いやいや、本気かよ。スペインの王立植物園よりも圧倒的に見応えのある本気の植物園。
巨大なシダ類が美しく葉を広げる。ちなみにこの日のシアトルの外気温は3℃だ。
5階ぐらいが吹き抜けになっており、カリフォルニア州から移植された巨大な樹高15mのフィカスが伸び伸びと育っている。建築時に天井を開けてクレーンで吊り下ろしたそうだ。そして巨樹を囲むようにキャノピーウォークやテーブルとイスが散在している。オフィスなのだ。
管理スタッフが何人もいて手入れをしているからか、植物はとても瑞々しく元気だ。
ウツボカズラも大小様々な種類が生えている。
オフィスです。何度でも繰り返す。
壁面緑化も本気度が違う。
なんと屋上階にはデッキベッドがあり、実際に寝転がりながらPCを開いて作業している人がいる。
お馴染みのスマイルマーク。下にテーブルとイスがありPCを開いて作業している人がいてもお構いなしに頻繁に霧が壁から噴霧される。熱帯植物が元気な理由はこれか。
このスケールの大きな壁面緑化と骨組みのガラスドーム。素晴らしい。将来はさらに良くなっていくと夢を感じられる近未来的な何かを久しぶりに見た気がする。
そして気になるシルエットの樹木を発見。
株元には多肉植物やサボテンが元気な姿で生えている。福禄寿錦に紅彩閣、こちらはマグニフィカだろうか。
サボテンも綺麗な株が揃っている。
ハオルチアの鉢、ユーフォルビアの鉢、ガステリアの鉢と系統ごとに分けてくれているのも学術的な探究心が感じられて好感が持てる。
キャノピーウォークの途中に人間用鳥の巣と机椅子、PC作業している人が見えた。何せオフィスだから。

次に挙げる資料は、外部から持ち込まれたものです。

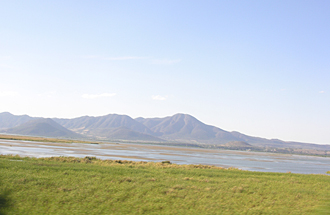 lagune de Cuitzeo (Michoac&aacute;n, Mexique)
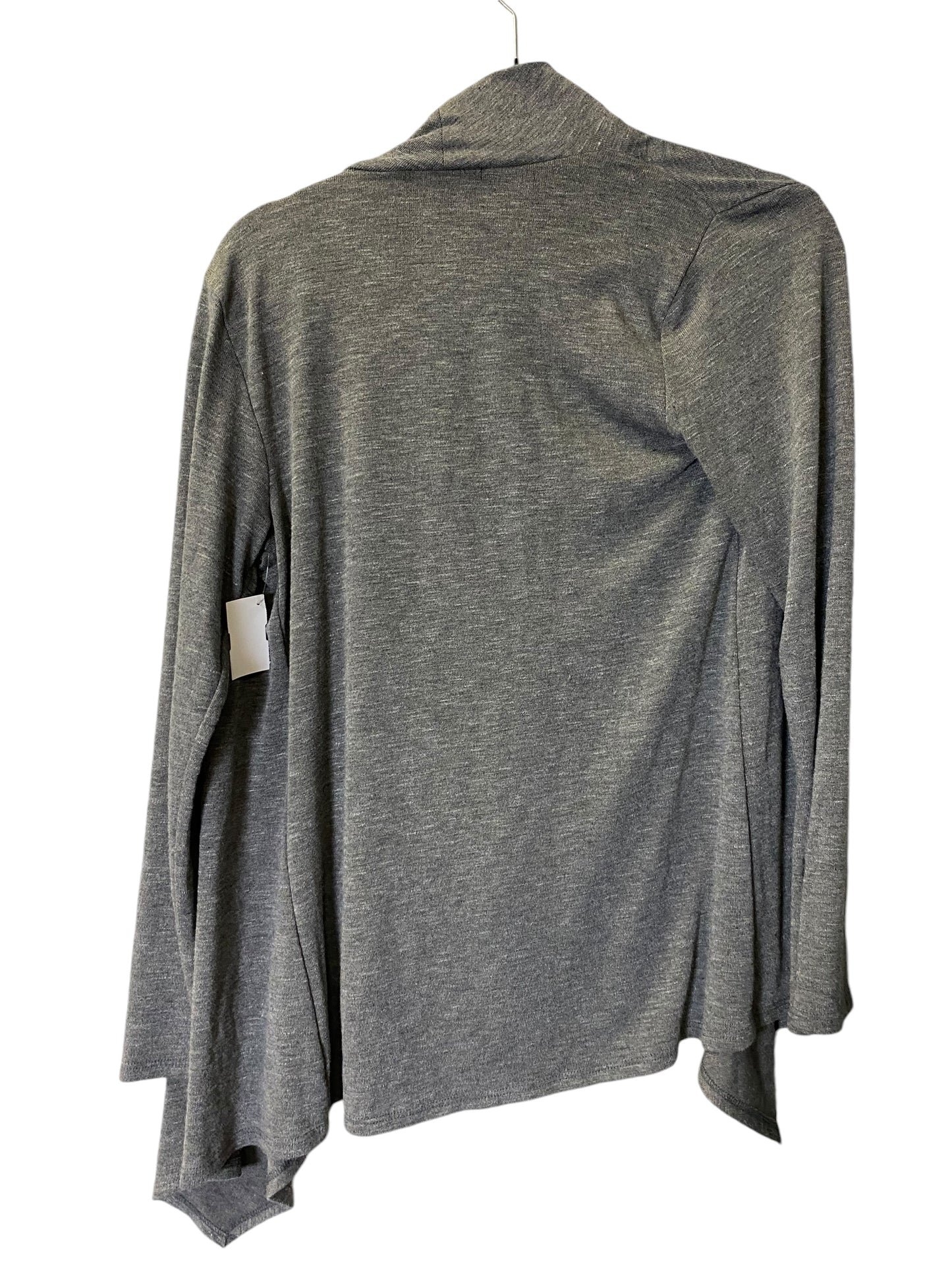 Cardigan By Ab Studio In Grey, Size: S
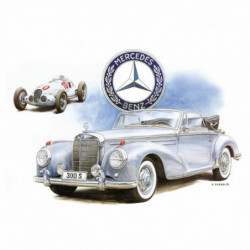 Poznámkový kalendář Classic Cars – Václav Zapadlík 2023 30 × 30 cm pgp-30955-v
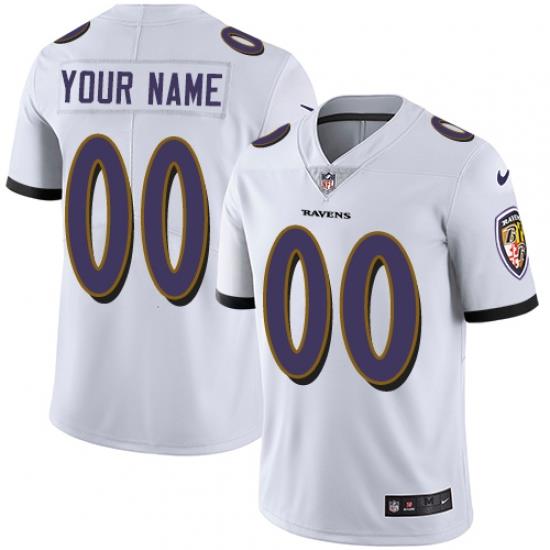 Men Women Youth Toddler All Size Baltimore Ravens Customized Jersey 006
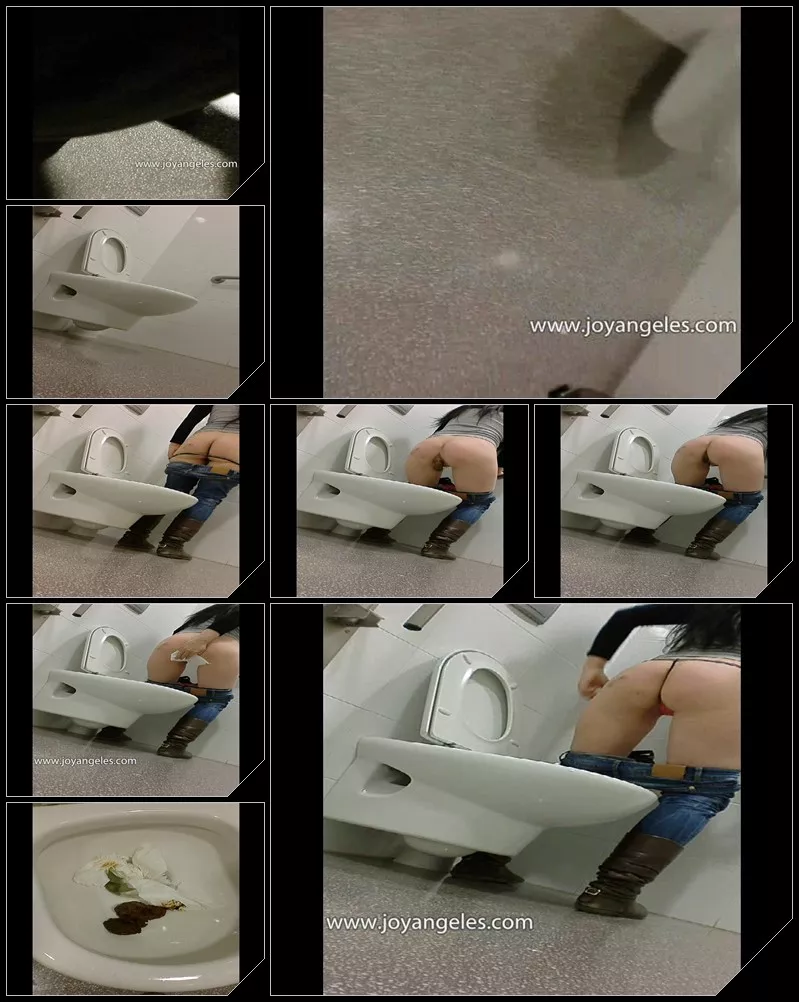 [JoyAngeles com] 003 Tanalia2 [Toilet, Pooping, Scat, Alone, Farting, Peeing]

ヘリオスLEDとか話にならない、育成用LEDライトの業務用本気版。雨が多いと言われるシアトルでも元気に育つように設計されている。
植物も日本では見たことのないものがあちこちにある。こんな毛の生えたものや
トゲトゲの生えた葉。何という品種だろう。植物好きにはたまらない熱帯雨林オフィス。
しかもオフィスでありながらカフェもあり、エスプレッソやカプチーノ、アメリカーノなどを頼める。クッキーやドーナツもある。“料理界のアカデミー賞”と言われるジェームズ・ビアード受賞者、レニー・エリクソン氏のドーナツ店「General Porpoise」だ。そんなわけで飲みながらぶらぶら散歩しても働いても良いわけだ。
アマゾン社員は毎日1杯無料だそうだ。$5=700円が無料というのはなかなかなものではないか。
底力を見せつけられたと思ったのがこれ。翡翠葛が見られるとは思ってもいなかった。ヒスイカズラですよ、カズラ界の女王。
フィリピン在住時にもそうあちこちで見られるものではなかった絶滅危惧種。低温に弱いと言われるヒスイカズラが元気に咲くオフィスとは恐れ入った。
ウツボカズラも立派だし元気が良いのだよな。ひたすら美しい。
枯れたり腐ったりした植物を見かけない。いかにきめ細やかに手入れされているかが伺い知れる。
目に優しい。ギスギスしたビジネスの議論を抑止してくれるかもしれない。犬も連れてきて良いらしいし。
ああ、もう眼福すぎる。このオフィスでいつも働けるならばアマゾン本社に転職したい。(建物を出た瞬間にその思いは霧散)
儲かっているならば、いくらでも好きなことができてしまうのだな。この熱帯雨林オフィスに関しては今まで見た企業の中で一番なオフィスだと思った。アマゾンなのでオフィスもアマゾンにしてみましたという壮大な駄洒落。